**How to complete this task:** Copy everything in the listing below word for word, apart from any images.

**Data:**
# # # # #

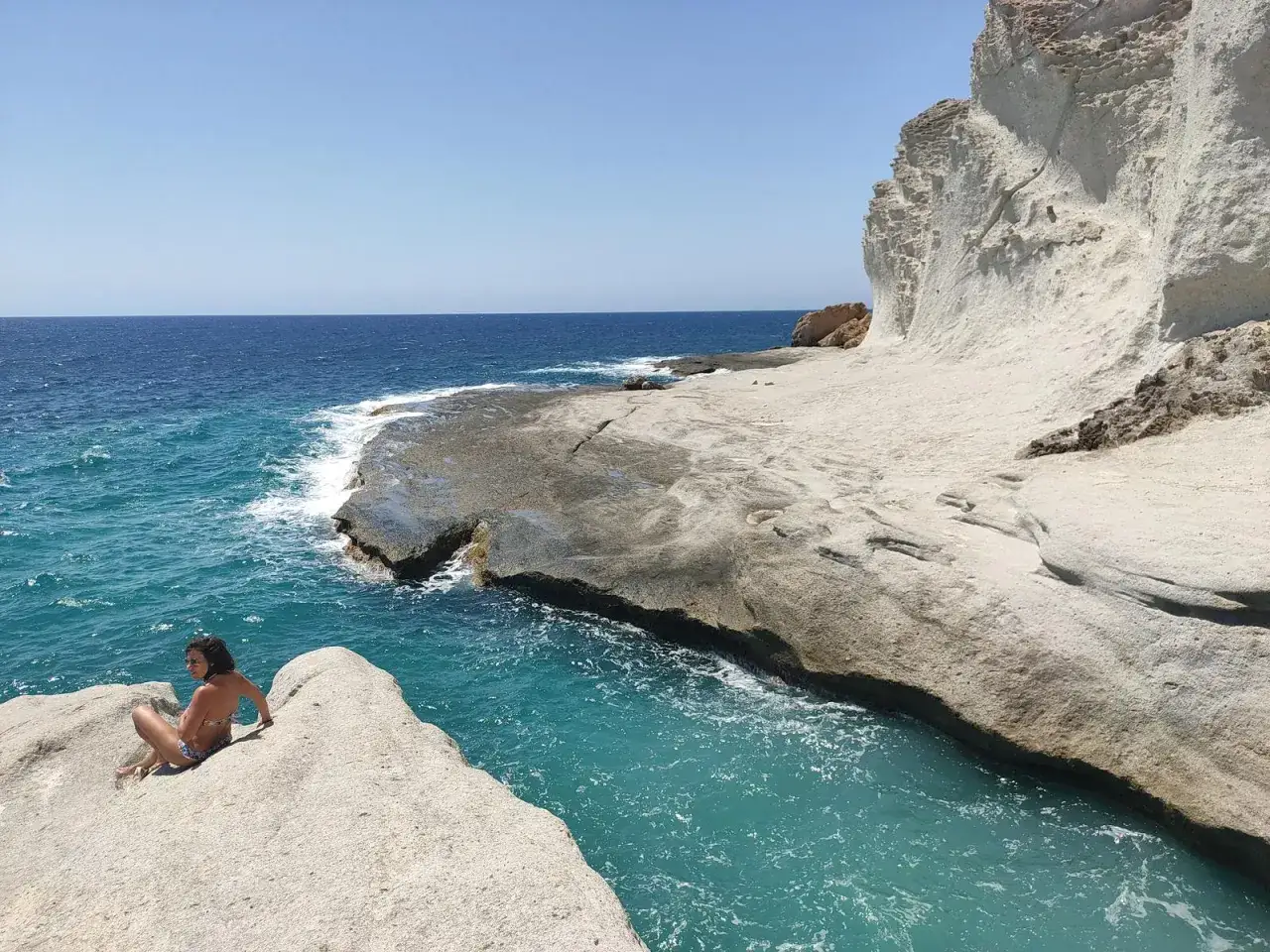 Una persona descansa en la roca de la cala del medio, con el mar turquesa y acantilados blancos de fondo.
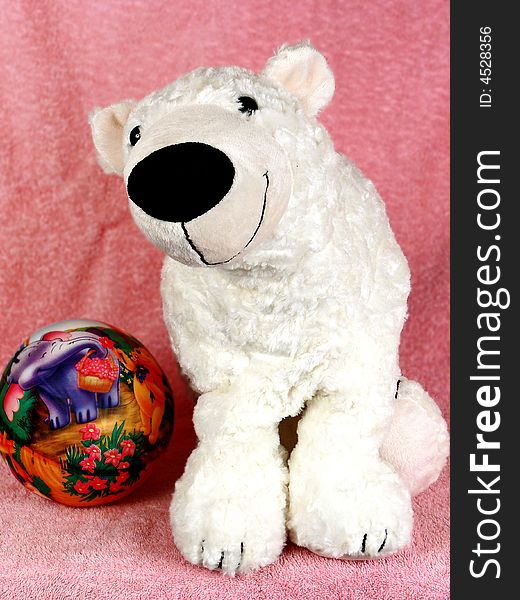 White teddy bear and ball on pink background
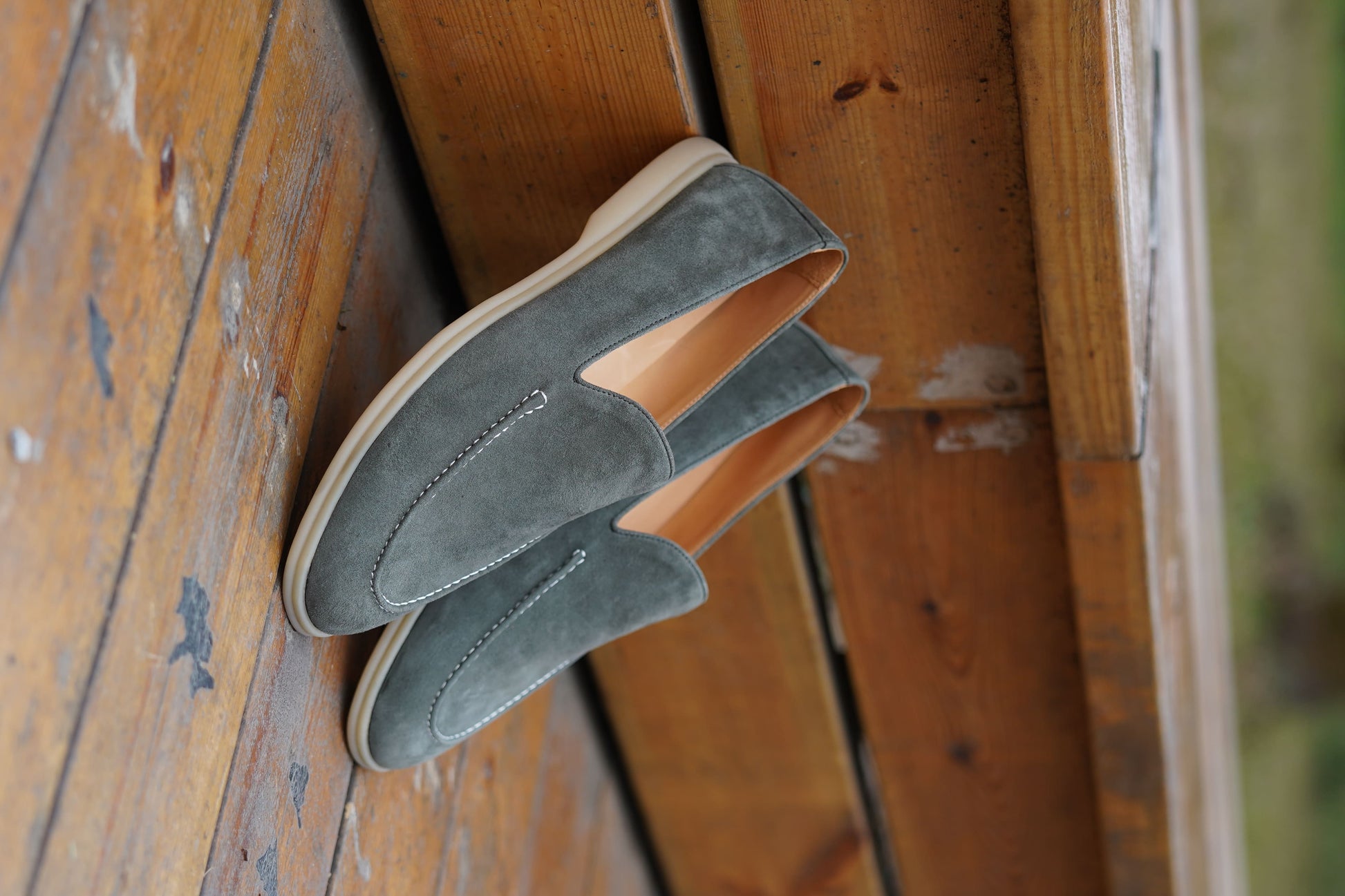 Men’s grey suede leather casual slip-on loafers with moccasin stitching and lightweight sole.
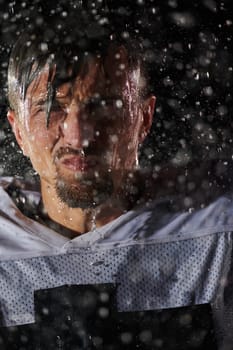 American Football Field: Lonely Athlete Warrior Standing on a Field Holds his Helmet and Ready to Play. Player Preparing to Run, Attack and Score Touchdown. Rainy Night with Dramatic Fog, Blue Light.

# # # # #

**Result:**
 Una persona descansa en la roca de la cala del medio, con el mar turquesa y acantilados blancos de fondo.
 White teddy bear and ball on pink background
 Men’s grey suede leather casual slip-on loafers with moccasin stitching and lightweight sole.
 American Football Field: Lonely Athlete Warrior Standing on a Field Holds his Helmet and Ready to Play. Player Preparing to Run, Attack and Score Touchdown. Rainy Night with Dramatic Fog, Blue Light.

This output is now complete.